Return the listing in full. Keep every word as it stands.

_SUPPLIED INFORMATION_:
┌──
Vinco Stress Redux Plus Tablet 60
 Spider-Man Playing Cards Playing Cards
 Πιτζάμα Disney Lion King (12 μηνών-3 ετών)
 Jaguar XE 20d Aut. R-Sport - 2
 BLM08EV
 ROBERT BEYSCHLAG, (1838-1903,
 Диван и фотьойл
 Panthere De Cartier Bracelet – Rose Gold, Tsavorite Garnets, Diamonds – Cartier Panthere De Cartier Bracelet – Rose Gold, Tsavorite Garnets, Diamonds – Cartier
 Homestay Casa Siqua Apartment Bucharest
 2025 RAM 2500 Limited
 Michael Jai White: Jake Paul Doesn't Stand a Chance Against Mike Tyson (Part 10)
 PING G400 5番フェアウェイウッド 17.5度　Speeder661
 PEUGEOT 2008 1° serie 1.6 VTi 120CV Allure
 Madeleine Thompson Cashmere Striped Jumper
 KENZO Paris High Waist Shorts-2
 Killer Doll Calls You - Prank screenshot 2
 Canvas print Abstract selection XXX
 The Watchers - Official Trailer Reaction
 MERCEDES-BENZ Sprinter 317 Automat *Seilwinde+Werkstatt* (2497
└──
_ANSWER AREA_:
Vinco Stress Redux Plus Tablet 60
 Spider-Man Playing Cards Playing Cards
 Πιτζάμα Disney Lion King (12 μηνών-3 ετών)
 Jaguar XE 20d Aut. R-Sport - 2
 BLM08EV
 ROBERT BEYSCHLAG, (1838-1903,
 Диван и фотьойл
 Panthere De Cartier Bracelet – Rose Gold, Tsavorite Garnets, Diamonds – Cartier Panthere De Cartier Bracelet – Rose Gold, Tsavorite Garnets, Diamonds – Cartier
 Homestay Casa Siqua Apartment Bucharest
 2025 RAM 2500 Limited
 Michael Jai White: Jake Paul Doesn't Stand a Chance Against Mike Tyson (Part 10)
 PING G400 5番フェアウェイウッド 17.5度　Speeder661
 PEUGEOT 2008 1° serie 1.6 VTi 120CV Allure
 Madeleine Thompson Cashmere Striped Jumper
 KENZO Paris High Waist Shorts-2
 Killer Doll Calls You - Prank screenshot 2
 Canvas print Abstract selection XXX
 The Watchers - Official Trailer Reaction
 MERCEDES-BENZ Sprinter 317 Automat *Seilwinde+Werkstatt* (2497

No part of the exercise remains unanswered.